Forward-Looking Statements

        This document contains certain comments or forward-looking statements that are based largely on the company's current expectations and are subject to certain risks, trends and uncertainties. You can identify these and other forward looking statements by the use of such words as "will," "expect," "plans," "believes," "estimates," "intend," "continue," or the negative of such terms, or other comparable terminology. Forward-looking statements also include the assumptions underlying or relating to any of the foregoing statements. Actual results could differ materially from the expectations expressed in these statements.
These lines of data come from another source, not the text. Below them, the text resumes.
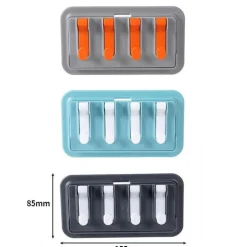 Wandmontierter Telefonhalter - Küchen-Organizer-Rack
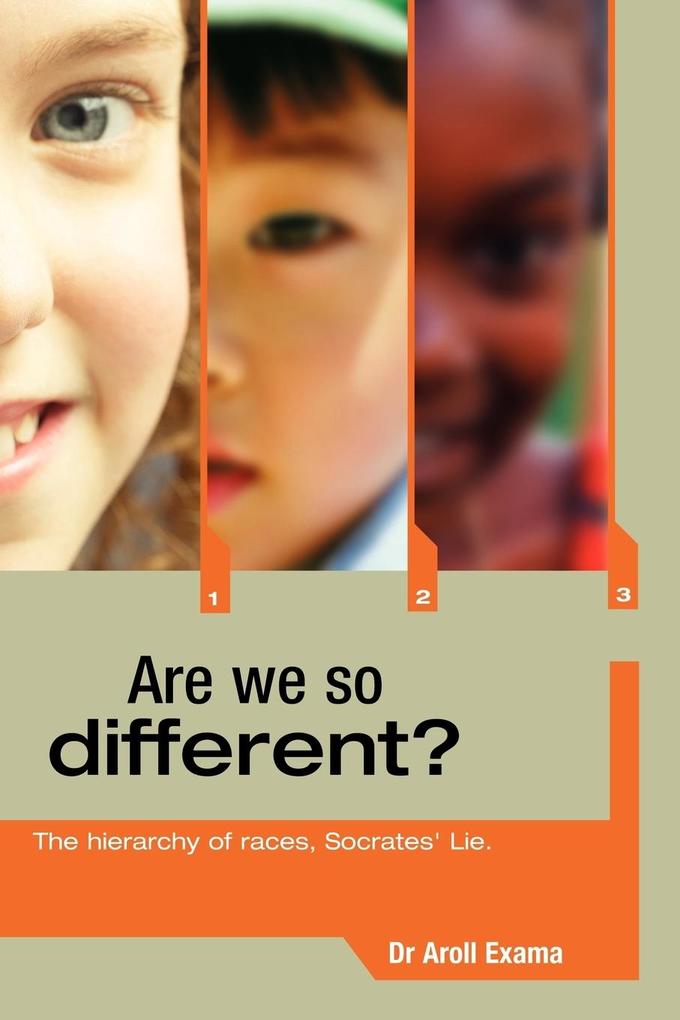 Are We So Different? - Aroll Exama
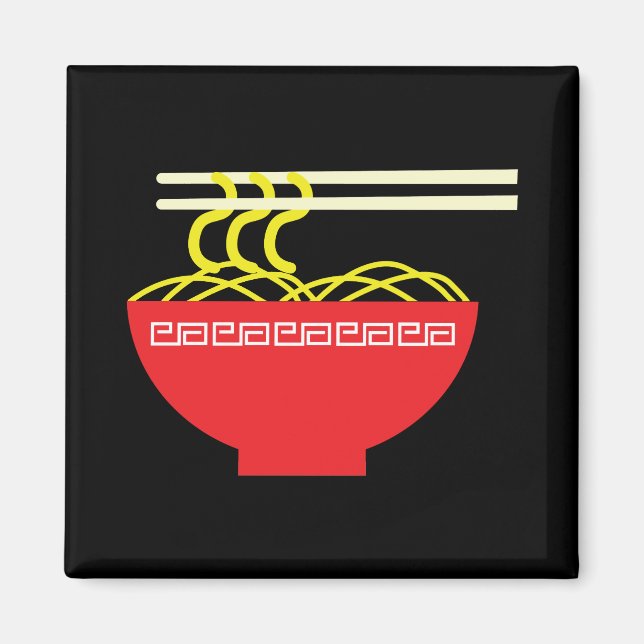 Noodles Magnet (Front)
Factors that could cause actual results to differ include risks related to the transactions being consummated; the risk that required regulatory approvals or financing might not be obtained in a timely manner, without conditions, or at all; the impact of the substantial indebtedness incurred to finance the consummation of the tender offer and the merger; the ability to satisfy all closing conditions in the definitive agreements; difficulties in retaining employees as a result of the merger agreement; risks of unforeseen material adverse changes to our business or operations; risks that the proposed transaction disrupts current plans, operations, and business growth initiatives; the risk associated with the outcome of any legal proceedings that may be instituted against Tribune and others following announcement of the merger agreement; and other factors described in Tribune's publicly available reports filed with the SEC, including the most current annual 10-K report, which contain a discussion of various factors that may affect Tribune's business or financial results. These factors, including also the ability to complete the tender offer or the merger, could cause actual future performance to differ materially from current expectations. Tribune is not responsible for updating the information contained in this document beyond the published date, or for changes made to this document by wire services or Internet service providers. Tribune's next quarterly 10-Q report to be filed with the SEC may contain updates to the information included in this release.